Clinical Activities:

Staff, St. Joseph's Mercy Hospital, Ypsilanti, Michigan
Staff, Chelsea Community Hospital
Staff, University of Michigan Hospitals
Physician, Ann Arbor Veterans Administration Hospital

Research Interests:

Basic: Signal Transduction; Epidermal Growth and Differentiation; Chromatin Structure and Gene Regulation; Genetic Linkage Analysis

Applied: Psoriasis; Wound Healing; Nonmelanoma Skin Cancer

Dr. James T. ("J.T.") Elder is a true multidisciplinary clinician-scientist, trained in cell biology, biochemistry, and genetics as well as dermatology. In addition to running one full-service Dermatology clinic at the Veterans Administration and one at St. Joseph's Mercy Hospital every week, Dr. Elder directs a large and active laboratory, including fellow faculty, postdoctoral fellows, technicians, and students.

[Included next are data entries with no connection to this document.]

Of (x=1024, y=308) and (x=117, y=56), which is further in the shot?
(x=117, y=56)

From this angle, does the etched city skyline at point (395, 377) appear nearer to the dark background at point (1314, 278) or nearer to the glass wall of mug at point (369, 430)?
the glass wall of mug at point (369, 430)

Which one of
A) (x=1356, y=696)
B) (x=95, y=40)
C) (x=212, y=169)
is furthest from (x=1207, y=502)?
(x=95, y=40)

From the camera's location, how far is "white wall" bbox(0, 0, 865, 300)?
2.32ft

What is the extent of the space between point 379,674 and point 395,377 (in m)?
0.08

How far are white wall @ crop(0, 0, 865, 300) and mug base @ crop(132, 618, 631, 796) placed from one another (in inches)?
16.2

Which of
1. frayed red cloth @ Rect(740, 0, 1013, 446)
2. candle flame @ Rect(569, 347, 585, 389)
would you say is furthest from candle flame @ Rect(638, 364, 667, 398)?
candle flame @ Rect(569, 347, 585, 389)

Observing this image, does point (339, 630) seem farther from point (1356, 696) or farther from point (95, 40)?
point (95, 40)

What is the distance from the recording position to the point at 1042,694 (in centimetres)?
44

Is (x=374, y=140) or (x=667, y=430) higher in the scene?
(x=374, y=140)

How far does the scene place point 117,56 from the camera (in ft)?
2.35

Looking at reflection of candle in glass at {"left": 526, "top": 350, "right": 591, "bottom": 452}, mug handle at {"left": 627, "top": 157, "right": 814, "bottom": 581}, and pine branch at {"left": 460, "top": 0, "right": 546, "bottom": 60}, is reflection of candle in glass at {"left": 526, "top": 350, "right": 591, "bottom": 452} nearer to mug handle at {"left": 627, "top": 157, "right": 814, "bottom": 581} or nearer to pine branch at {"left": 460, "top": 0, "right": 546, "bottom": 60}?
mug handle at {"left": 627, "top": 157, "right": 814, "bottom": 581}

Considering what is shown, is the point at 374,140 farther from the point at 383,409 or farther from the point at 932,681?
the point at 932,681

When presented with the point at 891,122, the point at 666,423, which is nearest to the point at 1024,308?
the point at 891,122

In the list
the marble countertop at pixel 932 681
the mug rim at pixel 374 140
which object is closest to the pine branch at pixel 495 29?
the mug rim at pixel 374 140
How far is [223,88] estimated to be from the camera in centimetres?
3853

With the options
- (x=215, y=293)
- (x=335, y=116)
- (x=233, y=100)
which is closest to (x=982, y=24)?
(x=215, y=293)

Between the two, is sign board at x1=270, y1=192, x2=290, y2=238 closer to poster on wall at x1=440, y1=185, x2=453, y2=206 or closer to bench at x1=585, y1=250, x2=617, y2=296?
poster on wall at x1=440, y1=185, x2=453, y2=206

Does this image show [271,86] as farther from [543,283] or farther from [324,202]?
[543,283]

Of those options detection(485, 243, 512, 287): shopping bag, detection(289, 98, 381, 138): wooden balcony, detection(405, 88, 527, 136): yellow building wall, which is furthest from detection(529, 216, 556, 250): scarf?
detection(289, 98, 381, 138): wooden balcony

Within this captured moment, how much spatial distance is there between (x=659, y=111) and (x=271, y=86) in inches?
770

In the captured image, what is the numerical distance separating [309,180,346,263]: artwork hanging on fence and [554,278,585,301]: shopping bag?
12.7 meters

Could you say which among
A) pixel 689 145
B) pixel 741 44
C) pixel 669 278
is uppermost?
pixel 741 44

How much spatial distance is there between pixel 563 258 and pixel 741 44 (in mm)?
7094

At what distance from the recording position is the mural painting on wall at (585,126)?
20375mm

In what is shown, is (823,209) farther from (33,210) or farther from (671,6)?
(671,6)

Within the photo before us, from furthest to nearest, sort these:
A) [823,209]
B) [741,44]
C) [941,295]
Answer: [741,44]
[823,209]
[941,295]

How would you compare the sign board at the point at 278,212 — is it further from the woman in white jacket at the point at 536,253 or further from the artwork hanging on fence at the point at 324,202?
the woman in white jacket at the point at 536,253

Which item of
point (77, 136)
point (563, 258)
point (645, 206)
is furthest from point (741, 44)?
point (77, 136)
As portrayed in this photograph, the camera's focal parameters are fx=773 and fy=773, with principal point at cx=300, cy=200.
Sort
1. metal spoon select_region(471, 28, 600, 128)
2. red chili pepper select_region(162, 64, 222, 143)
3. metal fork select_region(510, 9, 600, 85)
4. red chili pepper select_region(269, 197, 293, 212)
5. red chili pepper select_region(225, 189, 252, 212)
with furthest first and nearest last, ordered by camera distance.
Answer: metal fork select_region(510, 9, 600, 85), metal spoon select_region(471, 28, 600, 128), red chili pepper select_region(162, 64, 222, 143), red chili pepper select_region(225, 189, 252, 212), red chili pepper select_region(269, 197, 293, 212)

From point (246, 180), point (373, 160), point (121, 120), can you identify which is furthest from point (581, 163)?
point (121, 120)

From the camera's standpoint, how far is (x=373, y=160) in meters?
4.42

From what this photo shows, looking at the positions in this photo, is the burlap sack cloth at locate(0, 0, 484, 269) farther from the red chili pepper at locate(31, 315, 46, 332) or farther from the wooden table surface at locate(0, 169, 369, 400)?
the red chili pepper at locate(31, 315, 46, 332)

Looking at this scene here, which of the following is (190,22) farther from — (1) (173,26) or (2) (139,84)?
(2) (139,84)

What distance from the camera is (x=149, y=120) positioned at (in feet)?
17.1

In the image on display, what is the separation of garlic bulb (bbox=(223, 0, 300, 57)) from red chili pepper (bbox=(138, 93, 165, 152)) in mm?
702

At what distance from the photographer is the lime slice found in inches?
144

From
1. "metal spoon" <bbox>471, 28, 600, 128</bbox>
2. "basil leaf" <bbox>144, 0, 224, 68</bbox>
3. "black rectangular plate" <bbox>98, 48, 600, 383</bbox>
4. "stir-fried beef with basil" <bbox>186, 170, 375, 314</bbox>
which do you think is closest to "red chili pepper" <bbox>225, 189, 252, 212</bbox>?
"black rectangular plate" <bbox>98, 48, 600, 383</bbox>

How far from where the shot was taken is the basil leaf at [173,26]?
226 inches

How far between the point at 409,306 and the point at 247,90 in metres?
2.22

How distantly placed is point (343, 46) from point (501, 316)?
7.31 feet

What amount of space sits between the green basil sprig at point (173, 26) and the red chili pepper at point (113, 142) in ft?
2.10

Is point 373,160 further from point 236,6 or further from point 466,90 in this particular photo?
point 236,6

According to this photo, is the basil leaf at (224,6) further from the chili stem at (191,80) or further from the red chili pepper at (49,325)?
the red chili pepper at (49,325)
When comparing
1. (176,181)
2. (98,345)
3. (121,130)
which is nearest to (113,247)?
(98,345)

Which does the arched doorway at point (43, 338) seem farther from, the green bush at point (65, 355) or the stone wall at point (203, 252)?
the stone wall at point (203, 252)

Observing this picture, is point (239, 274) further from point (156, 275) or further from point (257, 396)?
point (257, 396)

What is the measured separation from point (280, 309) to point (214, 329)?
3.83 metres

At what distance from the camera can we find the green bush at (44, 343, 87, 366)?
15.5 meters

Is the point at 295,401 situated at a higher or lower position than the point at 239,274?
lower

Research in Dr. Elder's laboratory can be classified into one of four subject areas, diverse in content and experimental approach but united in their goal of better understanding the molecular mechanisms that control the delicate balance between growth and differentiation of the epidermis. While his laboratory features an emphasis in fundamental mechanisms of gene regulation and the impact of specific genes on keratinocyte growth, differentiation, and survival, he is very interested in translating this new knowledge into improved medical care, particularly in the areas of psoriasis, wound healing, and skin cancer.

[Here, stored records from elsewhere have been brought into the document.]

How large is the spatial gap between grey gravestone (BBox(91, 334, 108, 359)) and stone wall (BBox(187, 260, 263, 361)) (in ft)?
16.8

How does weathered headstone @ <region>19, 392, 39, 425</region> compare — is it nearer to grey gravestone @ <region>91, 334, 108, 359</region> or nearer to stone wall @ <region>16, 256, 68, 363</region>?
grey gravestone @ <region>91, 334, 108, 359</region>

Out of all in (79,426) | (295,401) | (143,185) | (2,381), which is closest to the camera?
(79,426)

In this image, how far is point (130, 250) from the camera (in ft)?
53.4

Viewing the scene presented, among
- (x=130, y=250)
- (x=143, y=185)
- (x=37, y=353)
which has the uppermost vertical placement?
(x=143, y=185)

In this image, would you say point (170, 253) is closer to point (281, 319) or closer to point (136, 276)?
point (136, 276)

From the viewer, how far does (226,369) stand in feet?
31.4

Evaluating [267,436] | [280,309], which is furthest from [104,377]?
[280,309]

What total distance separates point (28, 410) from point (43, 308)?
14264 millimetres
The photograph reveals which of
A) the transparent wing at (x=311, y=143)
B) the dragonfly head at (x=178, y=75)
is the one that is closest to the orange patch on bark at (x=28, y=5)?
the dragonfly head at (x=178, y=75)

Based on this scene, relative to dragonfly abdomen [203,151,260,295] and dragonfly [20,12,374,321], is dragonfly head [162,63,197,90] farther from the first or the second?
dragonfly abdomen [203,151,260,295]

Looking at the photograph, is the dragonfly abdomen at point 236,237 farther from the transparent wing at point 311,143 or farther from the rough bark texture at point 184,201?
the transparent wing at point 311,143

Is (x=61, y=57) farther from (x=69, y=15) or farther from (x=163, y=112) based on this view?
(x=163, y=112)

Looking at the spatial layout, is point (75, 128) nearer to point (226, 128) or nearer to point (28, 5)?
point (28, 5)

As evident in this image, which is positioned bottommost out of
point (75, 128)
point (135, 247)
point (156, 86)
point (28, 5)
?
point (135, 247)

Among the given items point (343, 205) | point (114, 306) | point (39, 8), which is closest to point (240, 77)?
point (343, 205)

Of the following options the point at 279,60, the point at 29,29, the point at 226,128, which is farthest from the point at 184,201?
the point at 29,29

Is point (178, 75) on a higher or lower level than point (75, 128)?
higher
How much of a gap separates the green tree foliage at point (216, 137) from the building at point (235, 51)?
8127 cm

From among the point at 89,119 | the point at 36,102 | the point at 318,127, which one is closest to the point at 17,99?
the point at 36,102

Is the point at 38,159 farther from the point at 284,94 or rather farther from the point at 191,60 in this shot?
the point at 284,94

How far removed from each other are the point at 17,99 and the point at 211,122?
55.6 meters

In one project, his laboratory is studying the role played by the epidermal growth factor receptor (EGFR) and related receptors as a key signaling mechanism for the early phases of epidermal wound healing, in which keratinocytes must rapidly reorganize to cover the wound, then grow rapidly to restore the normal thickness of the epidermis. Making use of EGFR knockout mice as well as a novel human skin organ culture system, Dr. Elder and colleagues are focusing on the mechanisms by which EGFR activation triggers keratinocyte migration and proliferation. Interestingly, his group has found that EGFR also tells cells where not to grow, by protecting them from programmed cell death (apoptosis).

In a second project, Dr. Elder's lab is identifying novel genes from the "epidermal differentiation complex" (EDC), a cluster of at least 25 genes involved in the control of epidermal (and, more broadly, epithelial) differentiation. They are also attempting to understand the mechanisms through which the clustered genes of the EDC are coordinately regulated during the differentiation process. In this work, Dr. Elder brings expertise gathered from his previous studies of the human hemoglobin gene cluster.

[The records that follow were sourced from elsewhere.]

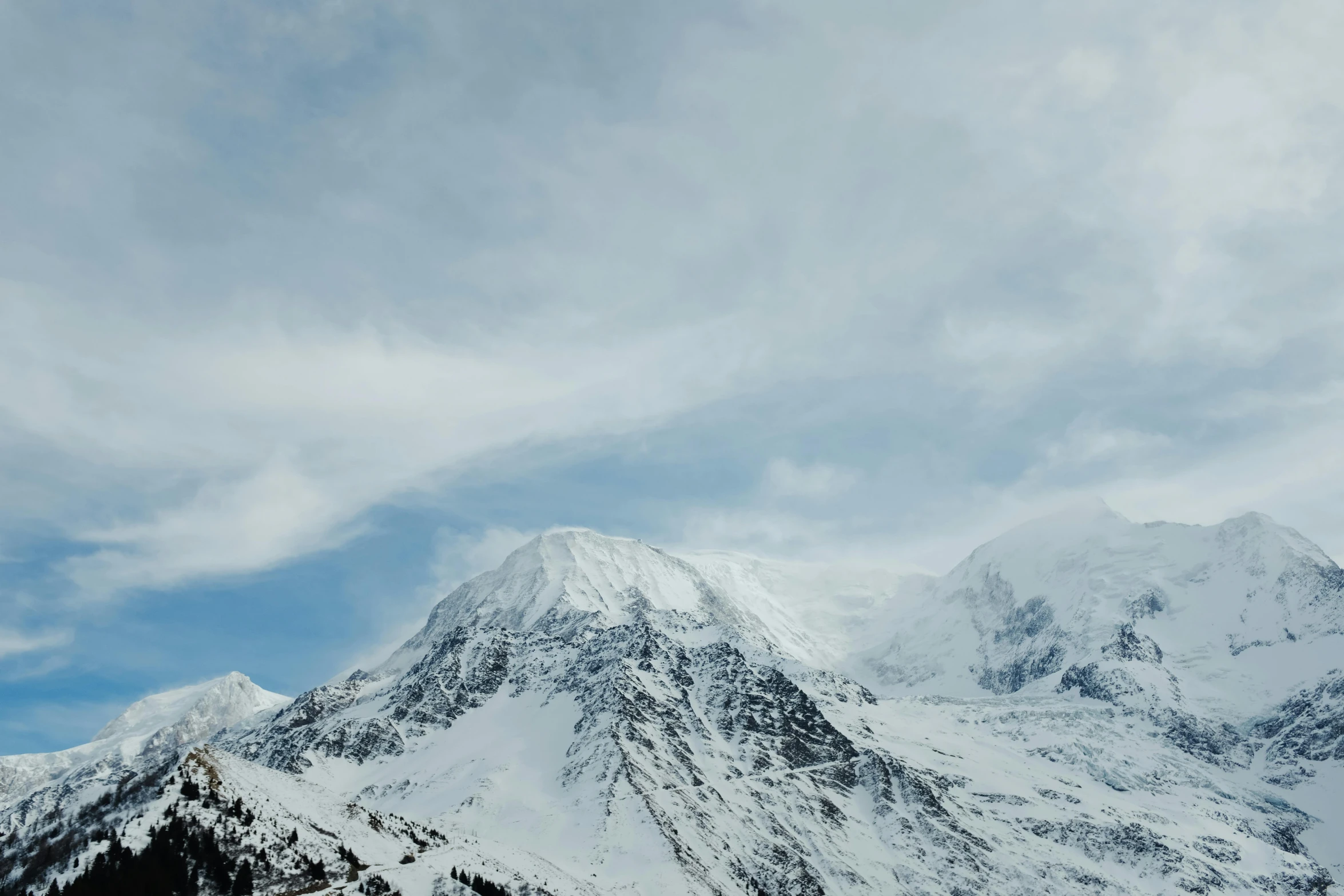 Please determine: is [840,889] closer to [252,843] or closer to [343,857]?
[343,857]

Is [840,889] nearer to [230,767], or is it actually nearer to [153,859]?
[230,767]

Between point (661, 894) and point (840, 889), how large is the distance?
174 feet

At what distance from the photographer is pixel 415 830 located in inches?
6452

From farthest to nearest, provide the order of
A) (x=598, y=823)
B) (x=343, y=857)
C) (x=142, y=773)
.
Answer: (x=598, y=823)
(x=142, y=773)
(x=343, y=857)

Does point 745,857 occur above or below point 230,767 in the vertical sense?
below

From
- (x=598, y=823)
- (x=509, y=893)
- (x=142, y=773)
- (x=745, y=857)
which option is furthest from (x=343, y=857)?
(x=745, y=857)

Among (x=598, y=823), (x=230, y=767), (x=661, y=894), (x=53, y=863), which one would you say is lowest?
(x=661, y=894)

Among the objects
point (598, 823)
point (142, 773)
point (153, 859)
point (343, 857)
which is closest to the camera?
point (153, 859)

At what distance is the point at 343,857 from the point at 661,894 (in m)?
67.2

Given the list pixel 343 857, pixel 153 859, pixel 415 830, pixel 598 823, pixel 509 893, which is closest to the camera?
pixel 153 859

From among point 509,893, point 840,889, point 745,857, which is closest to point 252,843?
point 509,893

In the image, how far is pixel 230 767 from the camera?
15025cm

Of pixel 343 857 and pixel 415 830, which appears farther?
pixel 415 830

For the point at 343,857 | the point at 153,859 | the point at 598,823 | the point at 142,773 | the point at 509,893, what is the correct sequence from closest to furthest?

A third project in Dr. Elder's lab focuses on the product of one specific member of the EDC: a calcium-binding protein called CaN19 or S100A2. He is exploring the possible ways that this calmodulin-related protein may influence calcium-dependent epidermal differentiation by binding to and influencing the activity of specific target proteins, including nuclear transcription factors.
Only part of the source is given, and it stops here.